SOLD FOR: $1,131.00
Make: Smith & Wesson
Model: Model K-22 Masterpiece, the ‘Pre-Model 17’
Serial Number: K75101
Year of Manufacture: 1949
Caliber: .22 Long Rifle
Action Type: Single and Double Action Swing Out Cylinder Revolver
Markings: The left side of the barrel is marked “SMITH & WESSON” and the right side of the barrel is marked “22 LONG RIFLE CTG”. The barrel flat is marked “R K75101”. The rear face of the cylinder and the backside of the extractor star are both marked “75101”. The yoke cut is marked “9 / X / 89150” and the yoke is marked “89150”. There is a “4” on the left side of the grip frame and “K75101” is marked on the underside of the grip frame. There is an “L”, a “6” and a sideways “7” on the right side of the grip frame. There is a large S&W logo on the right side plate and the “Marcas Registradas” address on the right side of the frame.
Barrel Length: 4”
Sights / Optics: The revolver is mounted with a pinned Patridge style front sight that has had its rear face painted white. There is a S&W micrometer click adjustable rear sight.

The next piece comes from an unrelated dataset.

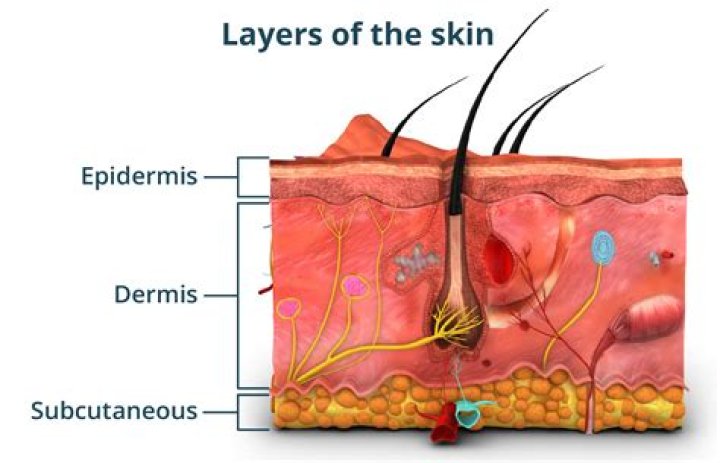 What is a linear crack in the skin extending into the dermis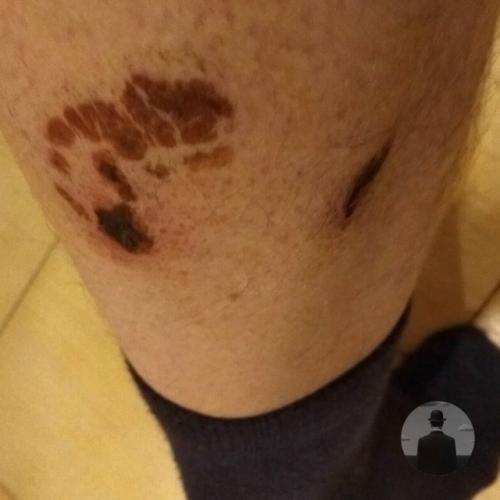 Бешенство: болезнь, которая не даёт вторых шансов. 01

Stock Configuration & Condition: The Franzite grips are plastic, imitation stag. There are no chips or cracks in either grip panel. The grips rate in about Excellent overall condition.
Type of Finish: Blue
Finish Originality: All Original
Bore Condition: The bore is bright and the rifling is sharp. There is no erosion.
Overall Condition: This revolver retains about 95% of its metal finish. There are drag marks on the cylinder and a few of the leading edges on the barrel and frame show finish wear. The hammer and trigger are nicely case colored. The screw heads are sharp and show no signs of being turned. The markings are clear. Overall, this gun rates in about Excellent condition.
Mechanics: The single and double actions function correctly. This is a Square Butt, K Frame with a pinned tapered barrel and recessed cylinder. The hammer is checkered and .375” wide and the trigger is serrated and .265” wide and engages an over travel stop. It has the old 6 groove front and back straps. We have not fired this revolver.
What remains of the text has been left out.